第3話 黒い宝石か、はたまた悪魔か

 昨今、タピオカが大いに流行っていますね。イモの粉を原料とした、黒くてモチモチとした球体で、ミルクティーにも、カフェオレにも、抹茶ラテにもよく合います。私も、ときおり無性にタピオカドリンクが飲みたくなるときがあります。

 そういえば、記憶している一番古いタピオカブームでは、飲み物というよりもココナッツミルクがかかったデザートだった気がしますが……、その話は置いておきましょう。


 ただ、タピオカブームも、段々落ち着いて来ているという記事をどこかで見かけました。

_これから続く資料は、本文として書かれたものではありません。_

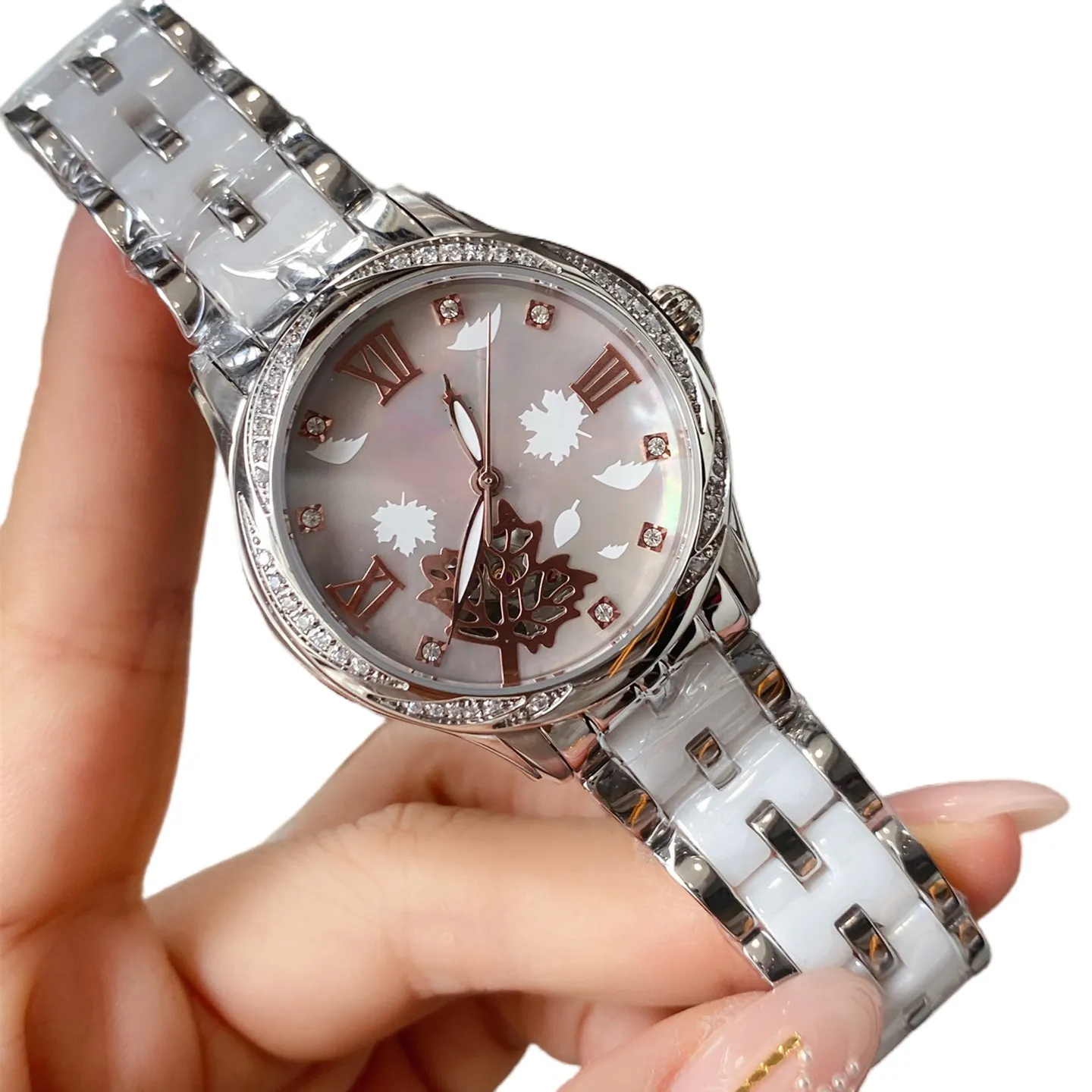 Fashion Mechanical Women's Watch 35mm 82S0 R￶relse Mor of Pearl Dial Sapphire Glass Mirror Deep Water Resistance 316 Rostfritt st￥l Keramiskt band lyxklockor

そんな記事を見て、お祭りが終わるときのような淋しさと、これから無性に飲みたくなったときにどうしようという懸念と――


 ――えも言われぬ安堵を感じました。


 いえ、前述の通り、タピオカは嫌いではありません。それどころか、むしろ好物なのです。

 

 ただ、仕事先のゴミ箱で遭遇したくない相手の、ぶっちぎりNo.1なのです。


 というわけで、今回は、タピオカに遭遇したくない理由について、書いていこうと思います。

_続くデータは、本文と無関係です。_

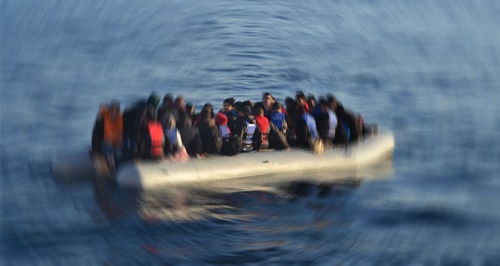 700 Kaçak göçmeni taşıyan tekne battı. (İHA)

 まず、ゴミ箱に飲み残しの入った容器が捨てられていた場合の処理を説明いたします。といっても、中身を清掃作業用の水場に捨てて、紙コップなら可燃ごみ、プラスティック容器ならプラごみとして捨てるだけなのです。

 

 そう、たったそれだけの処理なのです。

 タピオカが入っていない場合は。


 そこに、タピオカが入ると――


 見つけた瞬間に、テンションが下がる。

 どんよりした気分で容器を持ち、清掃作業用の水場に向かう。

 容器の中にタピオカだけを残すようにして、氷と飲み残しを捨てる。

 手元が狂ってタピオカを水場の中にぶちまける。

 排水溝に流れる前に、慌てながら拾い集める。

(作業用の手袋は着用しています)


 ――という、てんやわんやが繰り広げられるのです。


 何事もない日なら良いのですが、混雑している時はこのちょっとした時間のために、担当場所全ての清掃を終えるのが、業務時間ギリギリになってしまったりします。それが、けっこうなプレッシャーになるのです。

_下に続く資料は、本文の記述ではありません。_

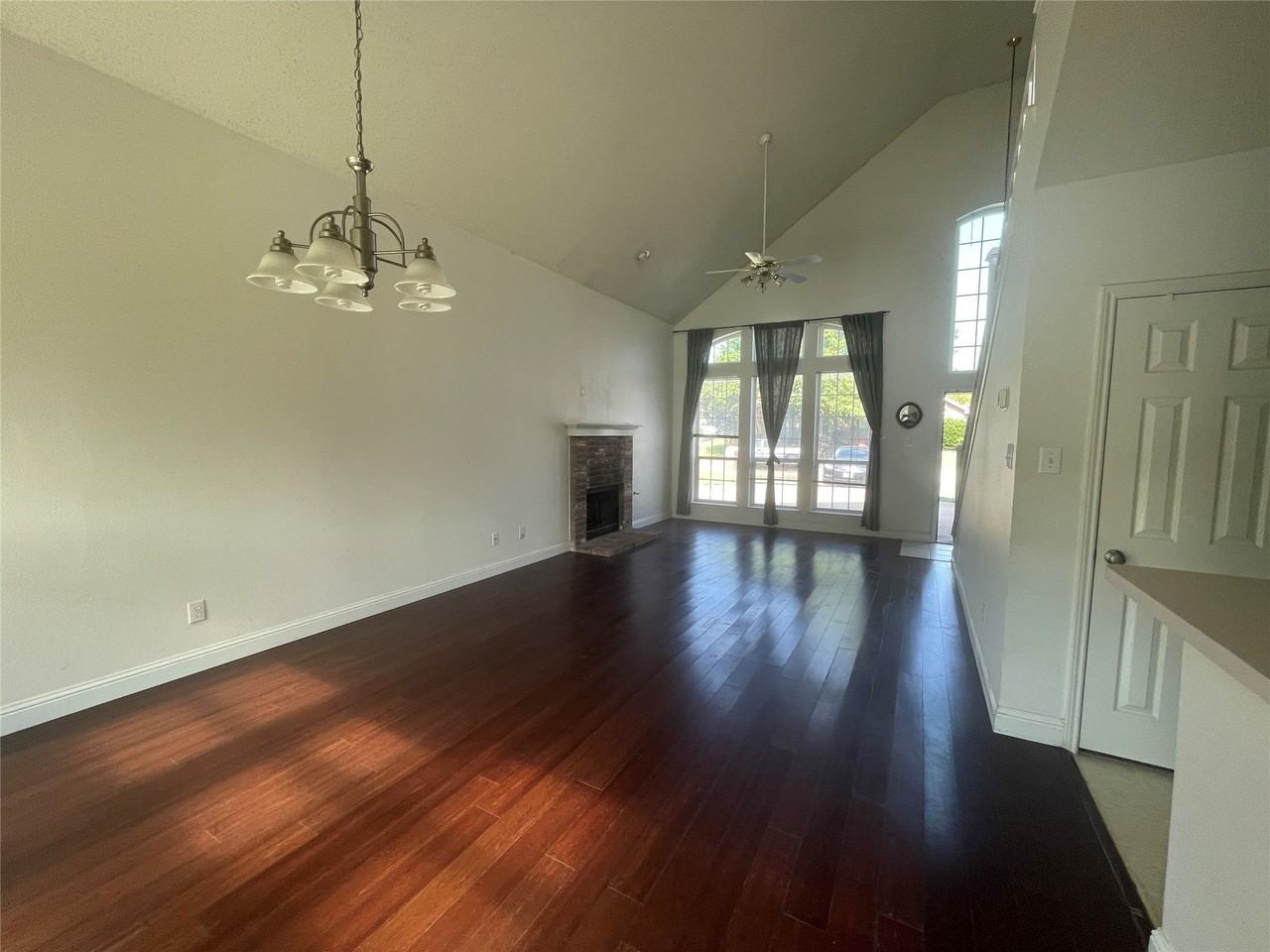 3098 Wildflower Way - Photo 3 of 19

 それなら、そんなまどろっこしい作業なんてしないで、排水溝かトイレに流しちゃえばいいのに。


 という意見もあることでしょう。

 たしかに、効率を考えるなら、それが一番手っとり早いと思います。




 ただし、タピオカは排水管の詰まりの原因になります。




 タピオカが詰まって溢れたトイレなんて、地獄絵図なこと間違いないですよね……。


 そんなわけで、タピオカ入りの飲み物を捨てる際は、どうかタピオカを食べきってからにしていただきたいのです。


 本当に、心からお願いいたします。